Nachweise für die Aufsichtsbehörde

Mit einer neuen Berechnungsmethode wurde entdeckt, dass es im Fall eines Rohrbruchs bei einzelnen Leitungssystemen zu Überlastungen kommen könnte. Vor Wiederaufnahme der Produktion ist eine Prüfung und Freigabe durch das Eidgenössische Nuklearsicherheitsinspektorat (Ensi) nötig.

Die Betreiber müssen der Atomaufsichtsbehörde nun aufzeigen, dass das Kernkraftwerk sicher betrieben werden kann. «Diese Nachweise sind sehr komplex, aufwendig und brauchen mehr Zeit als ursprünglich geplant», sagte Mediensprecherin Barbara Kreyenbühl schon Ende Juli zu Blick, als es zur letzten Verzögerung kam. Die Wiederinbetriebnahme erfolgt erst, nachdem das Ensi die Nachweise geprüft hat.

Die Schweizerische Energie-Stiftung (SES) fordert mehr Transparenz vom AKW auf Solothurner Boden. «Wäre es nur ein kleines technisches Problem, müsste Gösgen nicht so lange abgeschaltet bleiben», sagt Nils Epprecht, SES-Geschäftsleiter, zu Blick. Die wahre Dimension der Mängel am Werk werde verschleiert, mutmasst er. «Wenn die Allgemeinheit für einen halben Milliardenverlust aufkommen soll, muss sie auch erfahren, welche Risiken tatsächlich bestehen.»

Ausfall geht ins Geld

Die Folgen des Ausfalls sind tatsächlich happig.

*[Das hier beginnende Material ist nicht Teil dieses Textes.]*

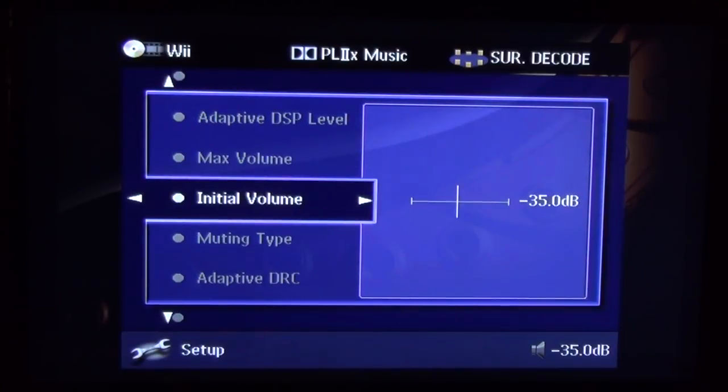Initial volume is another useful setting. You don't want to turn your receiver on and have it remember a high volume setting from last time, blowing yourself out when you go to put on a movie. I like powering it up at a reasonably low level so there are no surprises — especially if you have kids who play games and crank the volume up, then you go to turn it on expecting something quiet.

Der Ausfall macht den beteiligten Energiekonzernen Alpiq und Axpo einen Strich durch die Rechnung – konkret rechnet Alpiq beim operativen Geschäftsergebnis 2025 mit Einbussen zwischen 140 und 160 Millionen Franken. Axpo erwartet einen Minderertrag von 150 bis 170 Millionen Franken, verteilt auf die beiden Geschäftsjahre 2024/2025 und 2025/2026.

Auch für die Stadt Zürich könnte es teuer werden. Sie ist mit einem Anteil von 15 Prozent die drittgrösste Aktionärin des Kernkraftwerks. Ein weiteres halbes Jahr Ausfall des Kraftwerks hätte deshalb ebenfalls finanzielle Folgen für die Stadt – in welcher Höhe, ist noch offen.

Gösgen-Aktionäre wie Alpiq, Axpo und eben die Stadt Zürich müssen den fehlenden Strom nun anderweitig beschaffen. Wenn das nicht bei den eigenen Kraftwerken möglich ist, müssen sie ihn auf dem Markt einkaufen. Je nach Strompreis kann dies teurer werden.

Gemäss «Tages-Anzeiger» können zumindest die EWZ-Stromkunden aufatmen. Seit 2018 liefert das EWZ ausschliesslich Strom aus erneuerbarer Energie – den Atomstrom setzt das EWZ nur noch am Strommarkt ab. Darum habe der Ausfall von Gösgen keinen Einfluss auf die Stromtarife, sagt ein Sprecher.